It would appear that people are like houses. They’re built out of interlocking blocks. Strands of DNA. Complex chemical compounds, amino acids, calcium and a host of other elements. And then we are 91% water. And between the atoms that make up our being there are hoards of open spaces. Apparently, if we look closely enough we will discover that there’s not much substance to us at all. I find it quite cool to imagine myself as the see-through ephemeral chap help in a corner by some Velcro and a lump of bubble gum. To prevent me floating away in time and space.So much for chemical me. That’s what the World gets to see and to interact with. The hodge-podge melange of gooey bits with a bit of stringy stuff and a frame to hang it on. My human body. The me of mass, weight and substance. The creature that will expire if not fed and watered daily and will then get to stinking up the place with the chemical reactions called decomposition and putrefaction. Yuck! How bizarre is that?
But, there’s another side to my humanness. The side of me that is built of an infinite number of blocks of human experience. The sounds of musical instruments, voices uplifted in song. The power of the spoken and written words. These are all sounds which have the power to uplift our spirits to the realm of the divine, for want of a suitable word.
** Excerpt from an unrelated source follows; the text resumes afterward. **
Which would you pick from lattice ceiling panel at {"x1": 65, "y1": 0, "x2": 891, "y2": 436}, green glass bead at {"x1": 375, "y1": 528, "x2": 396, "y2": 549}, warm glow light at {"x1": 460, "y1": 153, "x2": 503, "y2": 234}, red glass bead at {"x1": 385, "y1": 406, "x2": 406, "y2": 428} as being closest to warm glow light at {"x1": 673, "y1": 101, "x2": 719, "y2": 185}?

This potent trio of sensory input, language, literature, the spoken and sung word with the adrenaline rush of musical recital is what makes us unique amongst the beasts of the Earth and her Ocean. It has been said, inter alia, that “music soothes the savage breast” and also that “music is the food of love”.
This calm, artistic side of me was initiated and inspired by a love of and deep respect for music and musicians from all genres. As a young child I was exposed to my parents’ music. The vocals of Bing Crosby, The Ink Spots, Porgy & Bess and Vera Lynn. My father is a Royal Air Force ex-serviceman who served from 1938 through WWII and into the “Airbridge To Berlin” from 1945 to 1948 and finally leaving the military service in February 1950 after 12 years of warfare. He was posted to the Far East Theatre of War immediately following the Battle of Britain. This entailed a stop in South Africa for some months. It was during this time that my mother met my father and his piano-playing crony in East London where my grandfather had a successful brick business. My mother was an avid collector of 78’s and, at the time of her death in 2005 had a comprehensive library of some 1,000 individual discs, at least one of which was a one-sided recording of Dame Nellie Melba singing “Home Sweet Home”. My Mom and Dad corresponded keenly during Dad’s time in India and Burma. Romance blossomed at a distance and he returned to South Africa in 1950 to marry my Mom.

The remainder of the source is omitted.